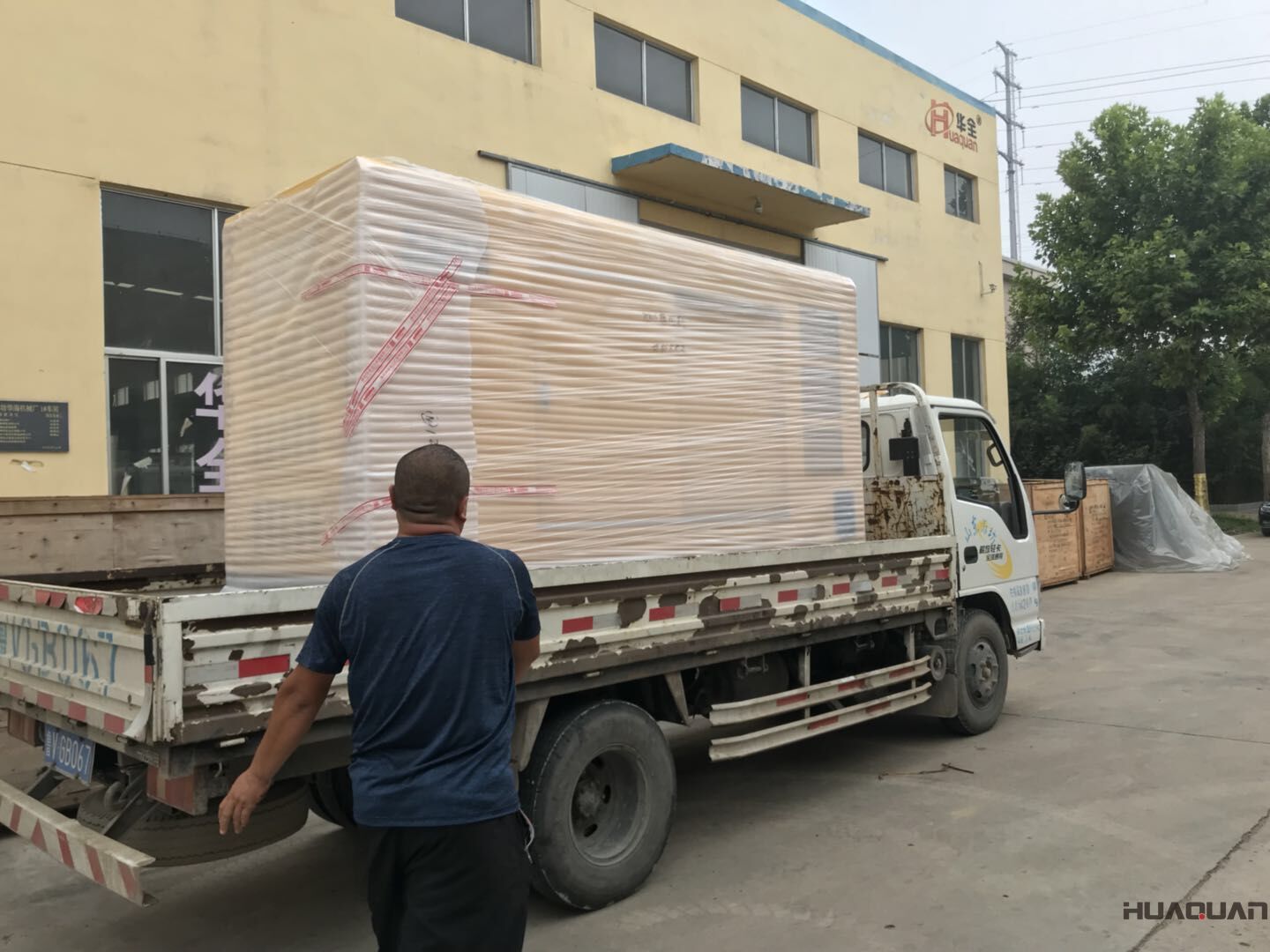 一臺75kw標配柴油發電機組于8月14順利發往湖北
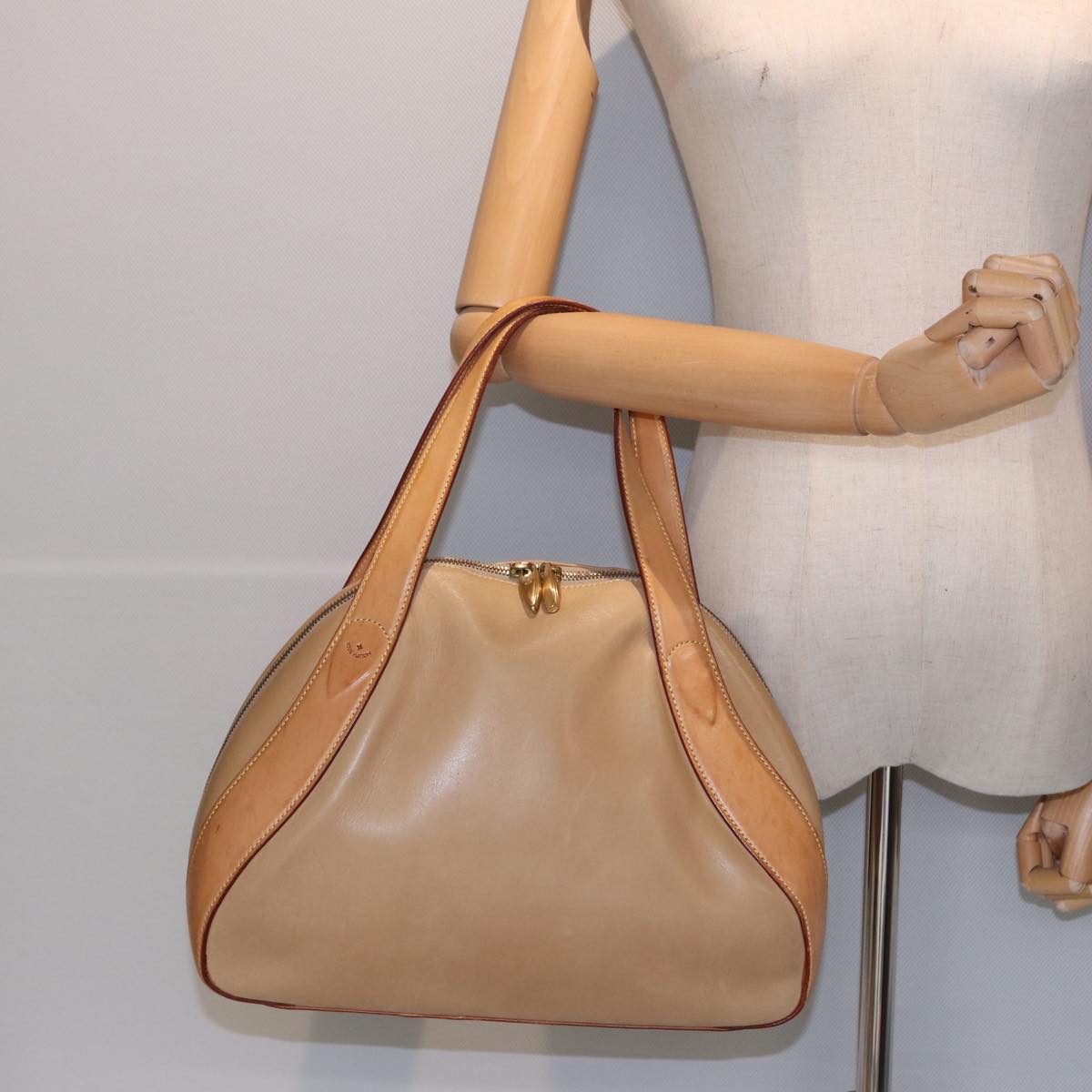 Louis Vuitton Normandy Beige Leather Hand Bag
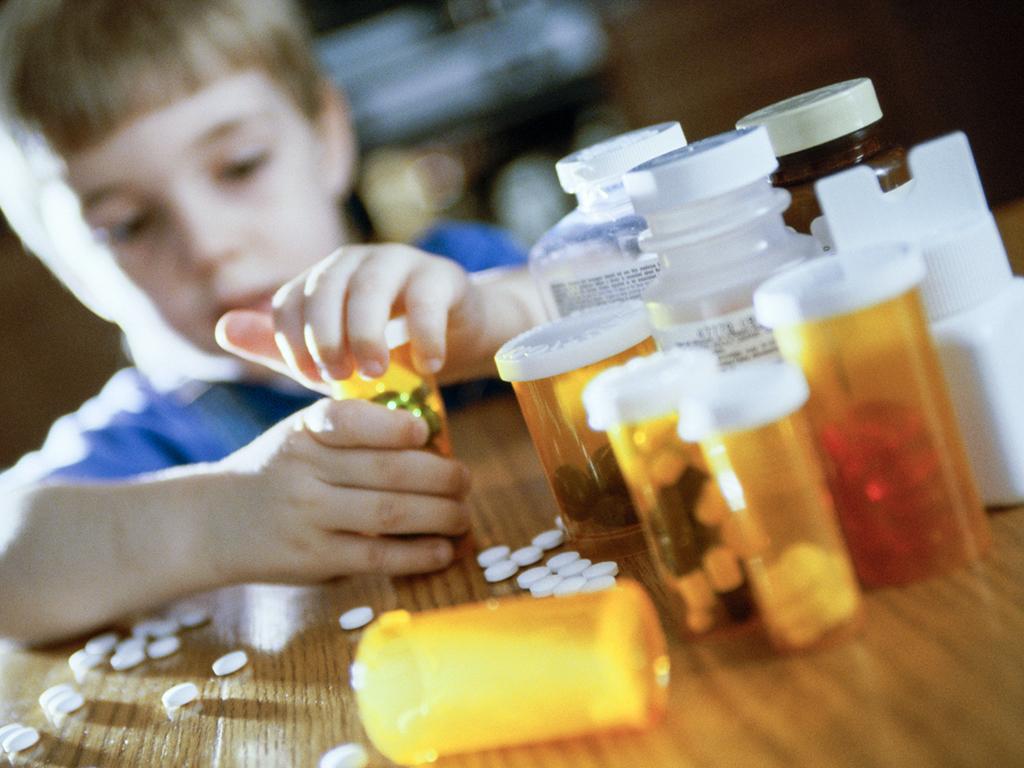 Безопасность ребенка: как хранить лекарства в доме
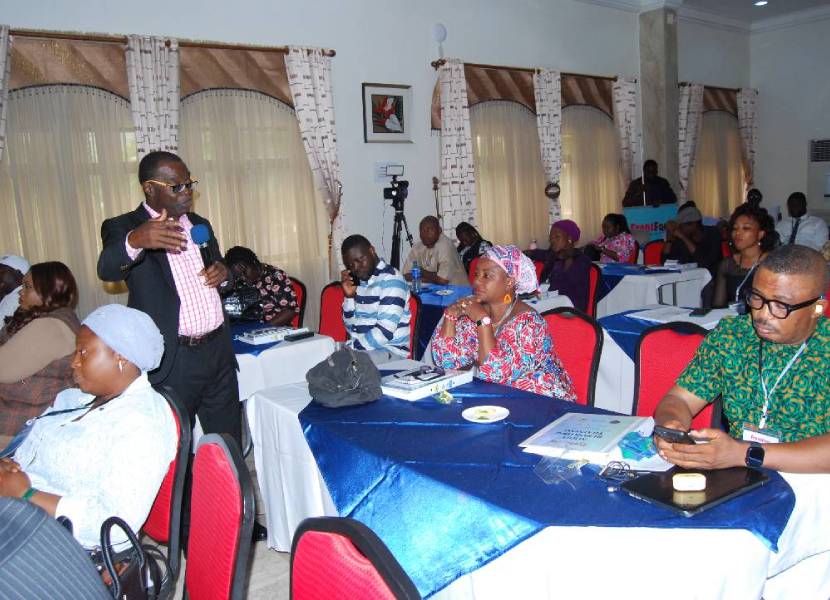 *  Dr Chido Nwakanmma (standing middle),  Coordinator of Media Training Workshop and Roundtable organised by Frontfoot Media Initiative.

══════════

Task prompt ▸ A word-for-word copy of the data above is needed, one that omits the pictures.

Output for this exercise ▸
 一臺75kw標配柴油發電機組于8月14順利發往湖北
 Louis Vuitton Normandy Beige Leather Hand Bag
 Безопасность ребенка: как хранить лекарства в доме
 *  Dr Chido Nwakanmma (standing middle),  Coordinator of Media Training Workshop and Roundtable organised by Frontfoot Media Initiative.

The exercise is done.